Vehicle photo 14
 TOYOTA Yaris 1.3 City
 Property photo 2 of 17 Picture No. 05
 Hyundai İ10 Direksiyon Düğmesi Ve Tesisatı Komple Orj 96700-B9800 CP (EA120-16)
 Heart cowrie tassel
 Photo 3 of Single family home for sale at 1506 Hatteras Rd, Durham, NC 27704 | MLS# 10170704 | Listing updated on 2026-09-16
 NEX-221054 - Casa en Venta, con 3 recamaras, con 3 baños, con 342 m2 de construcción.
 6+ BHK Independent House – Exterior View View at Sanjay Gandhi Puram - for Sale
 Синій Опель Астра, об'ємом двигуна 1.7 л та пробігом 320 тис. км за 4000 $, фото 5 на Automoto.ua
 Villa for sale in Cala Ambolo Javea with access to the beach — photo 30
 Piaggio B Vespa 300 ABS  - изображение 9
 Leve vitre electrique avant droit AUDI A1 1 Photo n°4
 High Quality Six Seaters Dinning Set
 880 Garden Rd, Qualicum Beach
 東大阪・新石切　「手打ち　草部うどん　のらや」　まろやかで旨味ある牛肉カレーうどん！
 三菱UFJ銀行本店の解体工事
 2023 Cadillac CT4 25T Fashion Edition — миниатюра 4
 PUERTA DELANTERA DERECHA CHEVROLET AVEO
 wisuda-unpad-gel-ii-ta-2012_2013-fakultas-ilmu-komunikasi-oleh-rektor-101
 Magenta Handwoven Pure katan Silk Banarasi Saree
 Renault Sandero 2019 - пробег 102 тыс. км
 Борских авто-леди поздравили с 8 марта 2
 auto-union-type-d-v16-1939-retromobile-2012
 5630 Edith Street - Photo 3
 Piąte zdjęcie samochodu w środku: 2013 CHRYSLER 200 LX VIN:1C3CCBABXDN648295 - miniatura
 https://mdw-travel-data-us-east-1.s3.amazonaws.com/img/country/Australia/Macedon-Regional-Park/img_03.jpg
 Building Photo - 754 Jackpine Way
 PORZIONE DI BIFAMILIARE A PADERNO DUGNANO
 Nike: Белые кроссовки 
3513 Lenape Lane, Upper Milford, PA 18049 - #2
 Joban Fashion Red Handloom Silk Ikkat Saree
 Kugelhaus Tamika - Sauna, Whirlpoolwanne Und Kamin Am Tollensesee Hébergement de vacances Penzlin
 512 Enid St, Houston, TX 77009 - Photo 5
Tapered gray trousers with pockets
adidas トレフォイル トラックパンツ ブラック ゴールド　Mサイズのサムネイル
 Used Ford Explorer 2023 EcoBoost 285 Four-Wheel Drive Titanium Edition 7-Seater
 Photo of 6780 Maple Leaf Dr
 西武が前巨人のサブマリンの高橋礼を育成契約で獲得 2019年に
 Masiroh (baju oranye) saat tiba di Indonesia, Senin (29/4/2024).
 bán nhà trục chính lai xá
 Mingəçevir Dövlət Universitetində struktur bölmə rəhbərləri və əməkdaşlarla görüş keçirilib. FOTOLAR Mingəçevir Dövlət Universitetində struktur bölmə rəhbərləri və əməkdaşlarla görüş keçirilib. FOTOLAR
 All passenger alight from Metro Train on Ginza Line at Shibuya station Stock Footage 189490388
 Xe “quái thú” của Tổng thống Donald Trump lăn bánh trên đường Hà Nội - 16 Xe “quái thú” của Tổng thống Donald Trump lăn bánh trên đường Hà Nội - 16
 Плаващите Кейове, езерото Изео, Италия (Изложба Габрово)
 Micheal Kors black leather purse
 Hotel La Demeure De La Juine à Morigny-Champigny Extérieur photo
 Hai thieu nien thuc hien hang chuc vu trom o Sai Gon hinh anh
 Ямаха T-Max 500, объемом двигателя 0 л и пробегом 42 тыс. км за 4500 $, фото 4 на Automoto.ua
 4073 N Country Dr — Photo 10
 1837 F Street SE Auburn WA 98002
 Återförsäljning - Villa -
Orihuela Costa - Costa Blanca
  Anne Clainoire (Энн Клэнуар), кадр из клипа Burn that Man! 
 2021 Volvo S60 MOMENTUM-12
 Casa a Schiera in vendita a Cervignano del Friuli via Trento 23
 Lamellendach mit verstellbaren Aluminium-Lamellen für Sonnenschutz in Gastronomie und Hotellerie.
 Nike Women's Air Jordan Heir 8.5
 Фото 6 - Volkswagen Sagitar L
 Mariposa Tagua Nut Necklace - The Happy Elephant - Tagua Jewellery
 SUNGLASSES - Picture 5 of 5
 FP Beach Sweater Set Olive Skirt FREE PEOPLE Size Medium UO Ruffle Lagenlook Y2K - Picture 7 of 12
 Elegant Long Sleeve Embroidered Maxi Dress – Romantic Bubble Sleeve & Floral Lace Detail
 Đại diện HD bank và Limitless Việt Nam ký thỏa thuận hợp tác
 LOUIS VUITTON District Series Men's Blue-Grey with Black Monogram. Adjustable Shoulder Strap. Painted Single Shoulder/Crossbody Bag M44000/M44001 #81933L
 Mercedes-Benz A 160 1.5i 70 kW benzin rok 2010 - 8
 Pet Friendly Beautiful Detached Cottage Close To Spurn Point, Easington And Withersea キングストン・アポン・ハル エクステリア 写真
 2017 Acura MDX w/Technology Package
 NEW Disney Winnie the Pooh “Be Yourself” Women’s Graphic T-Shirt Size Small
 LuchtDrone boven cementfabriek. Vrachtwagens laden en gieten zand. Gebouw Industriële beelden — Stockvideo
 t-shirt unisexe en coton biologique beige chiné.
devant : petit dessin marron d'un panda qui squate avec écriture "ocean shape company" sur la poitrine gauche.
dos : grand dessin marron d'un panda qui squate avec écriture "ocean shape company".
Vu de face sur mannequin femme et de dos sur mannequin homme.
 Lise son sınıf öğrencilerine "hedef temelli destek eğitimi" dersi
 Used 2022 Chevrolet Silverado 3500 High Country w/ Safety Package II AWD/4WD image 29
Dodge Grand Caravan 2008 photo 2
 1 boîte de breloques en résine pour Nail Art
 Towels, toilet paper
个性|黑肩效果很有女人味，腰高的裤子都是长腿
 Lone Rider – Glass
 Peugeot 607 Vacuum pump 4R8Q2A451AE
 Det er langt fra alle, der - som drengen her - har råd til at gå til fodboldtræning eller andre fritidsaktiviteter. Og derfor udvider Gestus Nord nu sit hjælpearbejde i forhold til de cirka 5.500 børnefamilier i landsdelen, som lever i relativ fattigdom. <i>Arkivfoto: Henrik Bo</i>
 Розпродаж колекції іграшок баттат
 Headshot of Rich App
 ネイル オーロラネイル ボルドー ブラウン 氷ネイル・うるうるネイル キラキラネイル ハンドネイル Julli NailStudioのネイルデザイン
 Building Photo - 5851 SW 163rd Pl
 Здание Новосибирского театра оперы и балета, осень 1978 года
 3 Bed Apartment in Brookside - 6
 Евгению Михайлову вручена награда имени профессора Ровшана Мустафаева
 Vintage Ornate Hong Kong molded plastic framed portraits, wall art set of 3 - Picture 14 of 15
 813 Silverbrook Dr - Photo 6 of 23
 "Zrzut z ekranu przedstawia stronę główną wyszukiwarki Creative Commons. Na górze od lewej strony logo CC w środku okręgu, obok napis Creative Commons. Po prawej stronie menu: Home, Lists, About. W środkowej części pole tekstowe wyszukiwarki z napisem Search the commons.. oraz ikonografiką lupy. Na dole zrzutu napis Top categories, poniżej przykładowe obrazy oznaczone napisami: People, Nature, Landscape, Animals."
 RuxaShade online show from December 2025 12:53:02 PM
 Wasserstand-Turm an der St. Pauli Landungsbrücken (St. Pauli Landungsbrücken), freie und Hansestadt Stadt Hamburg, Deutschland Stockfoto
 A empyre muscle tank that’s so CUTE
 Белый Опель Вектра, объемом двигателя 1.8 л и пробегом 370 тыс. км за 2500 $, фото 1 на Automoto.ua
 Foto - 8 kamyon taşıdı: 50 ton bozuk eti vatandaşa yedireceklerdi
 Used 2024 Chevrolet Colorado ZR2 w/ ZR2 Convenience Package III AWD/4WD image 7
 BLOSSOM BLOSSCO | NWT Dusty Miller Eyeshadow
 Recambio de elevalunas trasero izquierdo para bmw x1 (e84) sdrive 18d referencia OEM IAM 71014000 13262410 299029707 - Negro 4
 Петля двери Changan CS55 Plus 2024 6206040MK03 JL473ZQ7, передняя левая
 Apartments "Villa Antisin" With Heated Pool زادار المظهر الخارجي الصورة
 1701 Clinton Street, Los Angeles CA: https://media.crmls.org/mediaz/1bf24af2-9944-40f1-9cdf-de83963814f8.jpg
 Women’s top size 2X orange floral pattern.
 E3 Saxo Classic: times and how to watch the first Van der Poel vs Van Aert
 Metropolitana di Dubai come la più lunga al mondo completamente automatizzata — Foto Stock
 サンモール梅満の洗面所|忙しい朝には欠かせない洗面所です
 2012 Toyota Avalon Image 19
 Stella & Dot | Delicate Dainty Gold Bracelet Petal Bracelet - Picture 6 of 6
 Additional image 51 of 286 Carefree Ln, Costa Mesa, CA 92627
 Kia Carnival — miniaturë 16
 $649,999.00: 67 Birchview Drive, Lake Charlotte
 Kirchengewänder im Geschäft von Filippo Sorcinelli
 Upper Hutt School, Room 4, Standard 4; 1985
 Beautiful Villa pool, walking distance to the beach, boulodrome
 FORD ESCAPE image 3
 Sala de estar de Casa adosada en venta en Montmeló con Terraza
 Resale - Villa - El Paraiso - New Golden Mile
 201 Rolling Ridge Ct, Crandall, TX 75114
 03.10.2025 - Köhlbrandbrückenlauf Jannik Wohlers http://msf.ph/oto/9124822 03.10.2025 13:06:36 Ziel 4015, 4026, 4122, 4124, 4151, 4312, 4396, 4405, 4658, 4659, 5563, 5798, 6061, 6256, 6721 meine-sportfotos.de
* * * * * * *
PROBLEM TO SOLVE => In the listing above, find the line containing "Nội - 16 Xe" and the line containing "1837 F Street SE Auburn WA 98002", then quote both, plus every line between them, exactly as written.

SOLUTION TO THE EXERCISE =>
 Xe “quái thú” của Tổng thống Donald Trump lăn bánh trên đường Hà Nội - 16 Xe “quái thú” của Tổng thống Donald Trump lăn bánh trên đường Hà Nội - 16
 Плаващите Кейове, езерото Изео, Италия (Изложба Габрово)
 Micheal Kors black leather purse
 Hotel La Demeure De La Juine à Morigny-Champigny Extérieur photo
 Hai thieu nien thuc hien hang chuc vu trom o Sai Gon hinh anh
 Ямаха T-Max 500, объемом двигателя 0 л и пробегом 42 тыс. км за 4500 $, фото 4 на Automoto.ua
 4073 N Country Dr — Photo 10
 1837 F Street SE Auburn WA 98002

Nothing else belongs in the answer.